Using kubectl describe on a Pod will display in-depth information on that Pod, which is useful if there is a Pod that hasn't yet started.

 $ kubectl describe pod tensorflow-jupyter-6794bcb465-4czqb
....
Events:
Type Reason Age From Message
---- ------ ---- ---- -------
Normal Scheduled 54s default-scheduler Successfully assigned tenant-test/tensorflow-jupyter-6794bcb465-4czqb to g04c225
Normal SuccessfulAttachVolume 54s attachdetach-controller AttachVolume.Attach succeeded for volume "pvc-66fa0887-a4c4-4245-a4e2-02200f640fea"
Normal Pulling 50s kubelet, g04c225 Pulling image "tensorflow/tensorflow:1.15.0-py3-jupyter"
Normal Pulled 24s kubelet, g04c225 Successfully pulled image "tensorflow/tensorflow:1.15.0-py3-jupyter"
Normal Created 19s kubelet, g04c225 Created container miner
Normal Started 18s kubelet, g04c225 Started container miner

Pod labels may also be leveraged for more information. For example, for Pods given the spec.metadata.name attribute of tensorflow-jupyter, as is the case in the example Deployment, the following command may be used to acquire additional information on matching Pods:

$ kubectl describe pod -l app.kubernetes.io/name=tensorflow-jupyter
Additional Resources

For more information on Labels and Affinities in CoreWeave Cloud, see Advanced Label Selectors.

Obtain the Jupyter login token

View the Pod's logs to obtain the Jupyter login token. The token will be displayed as part of the URL for the served instance. For example:

$ kubectl logs tensorflow-jupyter-6794bcb465-4czqb

WARNING: You are running this container as root, which can cause new files in
mounted volumes to be created as the root user on your host machine.

To avoid this, run the container by specifying your user's userid:

$ docker run -u $(id -u):$(id -g) args...

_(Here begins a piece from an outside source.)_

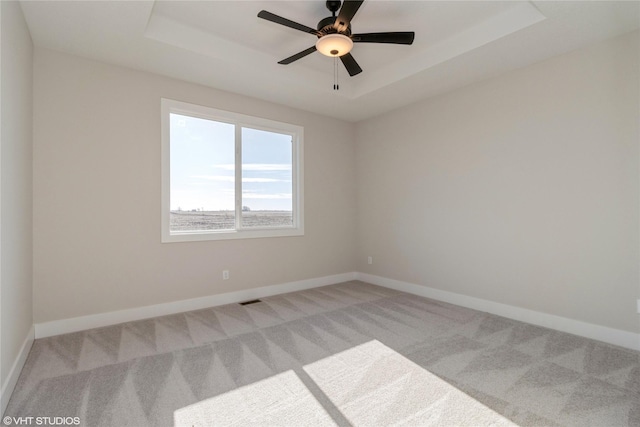 carpeted spare room featuring ceiling fan and a raised ceiling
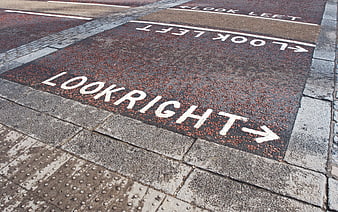 Look Right and Look Left Road Markings on Urban Street Crossing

[I 14:09:12.985 NotebookApp] Writing notebook server cookie secret to /root/.local/share/jupyter/runtime/notebook_cookie_secret
[I 14:09:13.153 NotebookApp] Serving notebooks from local directory: /tf
[I 14:09:13.153 NotebookApp] The Jupyter Notebook is running at:
[I 14:09:13.153 NotebookApp] http://tensorflow-jupyter-6794bcb465-4czqb:8888/?token=a71eb39261e6ef01bdec8867c2c051b0b3aaf31545bfbb84
[I 14:09:13.153 NotebookApp] or http://127.0.0.1:8888/?token=a71eb39261e6ef01bdec8867c2c051b0b3aaf31545bfbb84

In this example, the token is a71eb39261e6ef01bdec8867c2c051b0b3aaf31545bfbb84.

Obtain the public IP

To view the public IP assigned to the Service, which will be used to log in to Jupyter, get all Services.

$ kubectl get service

NAME TYPE CLUSTER-IP EXTERNAL-IP PORT(S) AGE
tensorflow-jupyter LoadBalancer 10.134.100.173 64.79.105.199 8888/TCP 30s

Log in to Jupyter

Using your browser, navigate to http://<EXTERNAL-IP>:8888 using the login token obtained from the Pod's logs.

🎉 Congratulations! You've deployed an instance of TensorFlow running a Jupyter notebook on CoreWeave Kubernetes!

tip

The package includes TensorFlow's example Notebooks, which will leverage the GPUs made available to the Pod.